Each line of the entries below that includes "Green" belongs in your answer.

(Extracted records)
+++
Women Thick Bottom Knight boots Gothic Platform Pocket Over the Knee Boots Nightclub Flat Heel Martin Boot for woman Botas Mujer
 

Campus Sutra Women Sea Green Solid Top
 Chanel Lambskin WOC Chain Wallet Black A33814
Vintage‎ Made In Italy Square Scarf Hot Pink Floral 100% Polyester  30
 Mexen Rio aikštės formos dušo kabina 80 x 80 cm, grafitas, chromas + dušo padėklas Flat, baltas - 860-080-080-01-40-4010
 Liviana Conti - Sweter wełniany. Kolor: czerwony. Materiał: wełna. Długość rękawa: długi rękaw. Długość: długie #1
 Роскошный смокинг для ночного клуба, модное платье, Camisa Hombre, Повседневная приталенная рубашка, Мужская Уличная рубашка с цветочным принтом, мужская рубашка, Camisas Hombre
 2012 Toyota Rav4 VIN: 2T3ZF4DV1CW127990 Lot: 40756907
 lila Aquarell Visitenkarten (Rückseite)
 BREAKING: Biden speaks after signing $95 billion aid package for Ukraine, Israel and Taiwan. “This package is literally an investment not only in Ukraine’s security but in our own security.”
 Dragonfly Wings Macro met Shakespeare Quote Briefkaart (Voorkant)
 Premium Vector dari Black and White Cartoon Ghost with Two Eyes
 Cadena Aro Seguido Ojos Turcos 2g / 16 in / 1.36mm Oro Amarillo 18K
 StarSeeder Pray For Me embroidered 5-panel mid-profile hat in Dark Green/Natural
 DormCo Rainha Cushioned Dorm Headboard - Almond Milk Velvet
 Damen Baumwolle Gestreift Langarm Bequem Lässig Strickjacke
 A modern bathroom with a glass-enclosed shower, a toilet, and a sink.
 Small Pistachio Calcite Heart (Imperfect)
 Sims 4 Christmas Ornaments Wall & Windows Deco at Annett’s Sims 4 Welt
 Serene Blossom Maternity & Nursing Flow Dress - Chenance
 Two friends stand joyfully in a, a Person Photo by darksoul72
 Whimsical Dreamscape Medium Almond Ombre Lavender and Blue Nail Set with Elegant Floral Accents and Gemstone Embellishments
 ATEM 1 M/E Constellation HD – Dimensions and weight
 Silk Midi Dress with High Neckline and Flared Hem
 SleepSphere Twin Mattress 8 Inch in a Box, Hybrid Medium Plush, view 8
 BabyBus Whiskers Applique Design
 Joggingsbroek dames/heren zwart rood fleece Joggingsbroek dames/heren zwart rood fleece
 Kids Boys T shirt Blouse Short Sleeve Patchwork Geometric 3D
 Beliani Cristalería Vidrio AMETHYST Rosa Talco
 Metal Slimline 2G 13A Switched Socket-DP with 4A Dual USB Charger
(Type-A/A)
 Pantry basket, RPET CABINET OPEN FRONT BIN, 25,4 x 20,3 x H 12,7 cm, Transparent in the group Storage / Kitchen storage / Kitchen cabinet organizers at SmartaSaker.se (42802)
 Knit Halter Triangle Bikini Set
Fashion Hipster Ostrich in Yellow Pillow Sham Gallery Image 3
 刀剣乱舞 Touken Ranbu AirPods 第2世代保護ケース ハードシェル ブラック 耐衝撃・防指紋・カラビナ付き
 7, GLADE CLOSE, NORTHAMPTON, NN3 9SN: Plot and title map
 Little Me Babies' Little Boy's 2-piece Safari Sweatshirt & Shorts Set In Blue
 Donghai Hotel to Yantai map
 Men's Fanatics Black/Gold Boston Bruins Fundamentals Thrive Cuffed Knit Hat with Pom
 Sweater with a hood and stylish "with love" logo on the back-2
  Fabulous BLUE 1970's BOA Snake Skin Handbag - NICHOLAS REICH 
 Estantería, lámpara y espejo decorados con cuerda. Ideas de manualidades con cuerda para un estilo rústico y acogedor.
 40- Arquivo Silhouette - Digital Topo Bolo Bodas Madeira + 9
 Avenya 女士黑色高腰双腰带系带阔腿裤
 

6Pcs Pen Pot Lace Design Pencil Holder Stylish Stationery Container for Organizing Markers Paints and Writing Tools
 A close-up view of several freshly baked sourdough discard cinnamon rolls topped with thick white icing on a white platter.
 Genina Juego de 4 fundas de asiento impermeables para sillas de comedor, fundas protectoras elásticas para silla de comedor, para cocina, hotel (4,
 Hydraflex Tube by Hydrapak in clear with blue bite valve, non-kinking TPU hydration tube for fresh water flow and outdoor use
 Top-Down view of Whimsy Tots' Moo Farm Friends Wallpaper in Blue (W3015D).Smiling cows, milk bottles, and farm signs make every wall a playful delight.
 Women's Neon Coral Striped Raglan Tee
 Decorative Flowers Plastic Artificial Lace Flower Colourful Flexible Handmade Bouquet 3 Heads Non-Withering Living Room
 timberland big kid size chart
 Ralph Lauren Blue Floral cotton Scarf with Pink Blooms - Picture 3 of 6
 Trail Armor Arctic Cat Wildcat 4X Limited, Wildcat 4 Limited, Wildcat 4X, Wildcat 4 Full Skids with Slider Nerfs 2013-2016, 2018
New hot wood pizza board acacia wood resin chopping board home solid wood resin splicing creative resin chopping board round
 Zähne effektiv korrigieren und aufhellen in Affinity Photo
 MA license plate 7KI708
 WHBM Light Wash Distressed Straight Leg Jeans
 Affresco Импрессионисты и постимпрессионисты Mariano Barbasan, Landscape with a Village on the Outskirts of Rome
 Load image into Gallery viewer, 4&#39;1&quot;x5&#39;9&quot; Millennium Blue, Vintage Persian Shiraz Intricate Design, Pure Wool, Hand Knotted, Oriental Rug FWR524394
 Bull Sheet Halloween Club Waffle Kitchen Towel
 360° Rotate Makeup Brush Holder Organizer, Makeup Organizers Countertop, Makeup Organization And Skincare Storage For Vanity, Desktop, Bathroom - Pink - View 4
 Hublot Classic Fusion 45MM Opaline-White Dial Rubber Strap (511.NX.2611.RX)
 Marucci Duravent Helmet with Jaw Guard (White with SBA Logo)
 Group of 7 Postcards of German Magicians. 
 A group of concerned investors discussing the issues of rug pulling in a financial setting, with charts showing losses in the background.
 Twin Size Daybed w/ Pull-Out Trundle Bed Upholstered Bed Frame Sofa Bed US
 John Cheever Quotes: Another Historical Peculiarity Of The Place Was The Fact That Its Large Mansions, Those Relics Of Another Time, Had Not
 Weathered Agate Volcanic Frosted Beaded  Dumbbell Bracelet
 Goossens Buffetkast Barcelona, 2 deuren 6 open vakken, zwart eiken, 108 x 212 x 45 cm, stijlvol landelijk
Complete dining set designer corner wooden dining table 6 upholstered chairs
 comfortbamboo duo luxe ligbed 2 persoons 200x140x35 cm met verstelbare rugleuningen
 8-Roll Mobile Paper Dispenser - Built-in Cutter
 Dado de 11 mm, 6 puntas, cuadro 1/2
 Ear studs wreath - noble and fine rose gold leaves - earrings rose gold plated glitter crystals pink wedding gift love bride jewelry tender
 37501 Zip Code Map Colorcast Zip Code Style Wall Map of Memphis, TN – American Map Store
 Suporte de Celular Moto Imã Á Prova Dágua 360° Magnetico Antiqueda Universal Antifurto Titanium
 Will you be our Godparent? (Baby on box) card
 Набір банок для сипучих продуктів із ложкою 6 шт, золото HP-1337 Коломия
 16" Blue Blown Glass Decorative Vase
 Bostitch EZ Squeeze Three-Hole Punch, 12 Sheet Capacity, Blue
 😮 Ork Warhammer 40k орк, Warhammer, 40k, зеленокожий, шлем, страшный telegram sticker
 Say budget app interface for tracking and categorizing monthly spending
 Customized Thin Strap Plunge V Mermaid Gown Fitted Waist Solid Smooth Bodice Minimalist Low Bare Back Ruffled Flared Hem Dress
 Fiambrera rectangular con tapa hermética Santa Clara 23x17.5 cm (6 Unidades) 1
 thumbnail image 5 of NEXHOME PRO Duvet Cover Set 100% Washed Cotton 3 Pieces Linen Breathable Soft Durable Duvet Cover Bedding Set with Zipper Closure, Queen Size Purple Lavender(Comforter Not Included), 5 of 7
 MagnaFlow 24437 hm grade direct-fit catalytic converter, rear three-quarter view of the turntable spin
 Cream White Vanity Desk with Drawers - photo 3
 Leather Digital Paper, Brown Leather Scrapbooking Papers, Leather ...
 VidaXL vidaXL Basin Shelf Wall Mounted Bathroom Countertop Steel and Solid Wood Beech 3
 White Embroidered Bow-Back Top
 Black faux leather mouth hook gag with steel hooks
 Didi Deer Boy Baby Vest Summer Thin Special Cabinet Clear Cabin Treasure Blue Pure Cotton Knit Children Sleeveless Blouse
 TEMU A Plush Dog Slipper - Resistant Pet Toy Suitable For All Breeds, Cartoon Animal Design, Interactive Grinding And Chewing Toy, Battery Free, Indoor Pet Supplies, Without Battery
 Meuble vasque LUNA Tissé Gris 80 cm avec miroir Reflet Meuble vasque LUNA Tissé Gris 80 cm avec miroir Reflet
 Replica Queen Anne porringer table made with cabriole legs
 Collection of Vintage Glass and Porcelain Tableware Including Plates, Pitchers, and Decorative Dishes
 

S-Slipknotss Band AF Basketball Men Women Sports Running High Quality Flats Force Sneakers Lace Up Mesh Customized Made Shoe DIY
+++
• RESULT OF THIS EXERCISE:
Campus Sutra Women Sea Green Solid Top
 StarSeeder Pray For Me embroidered 5-panel mid-profile hat in Dark Green/Natural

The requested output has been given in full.